Personal-Computing-Logo color web jan14By Reid Goldsborough

The Internet has been called the most participatory form of mass speech yet developed, the best advancement in democracy since universal suffrage, the greatest soapbox ever built, reaching even the most fettered corners of the world, in which people freely speak their minds about issues of the day.

Yet freedom on the Internet is the snarly sort, with faceless and often nameless ranters cyberbashing anyone and anything they please. Truth often becomes the victim.

There’s a war out there between those pushing the free-speech envelope, sometimes anarchically, and those trying to rein them in, sometimes oppressively. And for the mass of individuals and organizations in the middle, there are prudent steps to avoid getting caught in the crossfire.

Surveying recent headlines shows how central an issue this is.

•  In the aftermath of the Columbine High School massacre, students’ Web sites containing derogatory or threatening comments about teachers were taken down, and some students were expelled.
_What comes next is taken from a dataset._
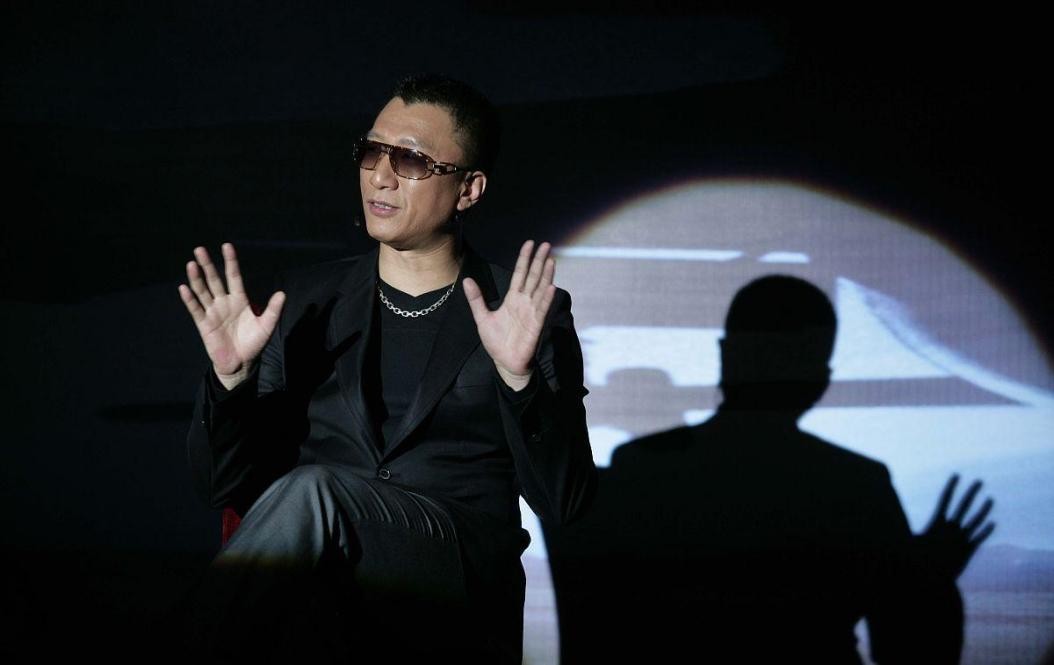 孙红雷戴上墨镜太有"大哥范儿",随便坐着都很霸气,太有型了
•  Presidential candidate George Bush Jr. bought the rights to 200 Internet domain names, including “bush-sucks.com,” to prevent critics from using them to create highly visible Web sites critical of him.

•  A jury ordered a group of anti-abortion activists to pay more than $100 million in damages after they had created a Web site listing doctors who perform abortions. The site, called the Nuremberg Files, offered rewards for doctors’ addresses and license plate numbers, with lines drawn through the names of doctors who had been murdered.
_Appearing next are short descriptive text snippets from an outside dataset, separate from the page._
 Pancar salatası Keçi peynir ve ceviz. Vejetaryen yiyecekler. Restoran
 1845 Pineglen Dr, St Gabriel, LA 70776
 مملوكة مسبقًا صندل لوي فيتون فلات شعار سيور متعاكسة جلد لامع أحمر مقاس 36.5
•  Defense contractor Raytheon filed suit against nearly two dozen of its own employees for exchanging chitchat about the company at a Yahoo public discussion board, using aliases. Through the suit it learned the identities of the chatters and took disciplinary action against them.
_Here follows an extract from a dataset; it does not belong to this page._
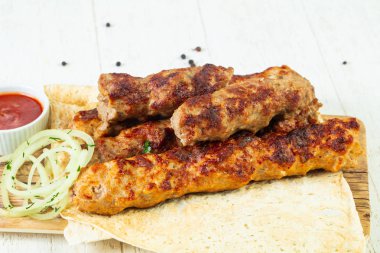 Şiş kebeb mix tabak sos ve soğan ile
•  After she was threatened with hanging at a Philadelphia-based Web site operated by white supremacists, an anti-hate activist felt forced to move out of state.

Be careful out there. If you like participating in online discussions, post as if you’re sitting in the living room of those reading your messages. If you write a statement of fact that disparages someone else, tell the truth to avoid libel. Don’t threaten others with violence.

If you’re an employer or supervisor and intend to monitor employees’ e-mail, establish a policy about this and communicate it to employees to prevent hurt feelings and lawsuits. If you’re an employee, recognize that your employer has the legal right to read e-mail you send using its equipment.

If you’re employed, be circumspect about what you say on the Net, or use a pseudonym. The First Amendment prevents the government from stifling your speech, not your employer. Though it happens rarely, and when it does it’s sometimes challenged in court, people have been fired for statements they’ve made through their personal Web sites.

If you come across a Web site critical of you or your organization, try to establish a dialogue. Ask about the circumstances that led to the person’s dissatisfaction. Your reputation can only improve if you try to solve the person’s problem instead of calling in the lawyers.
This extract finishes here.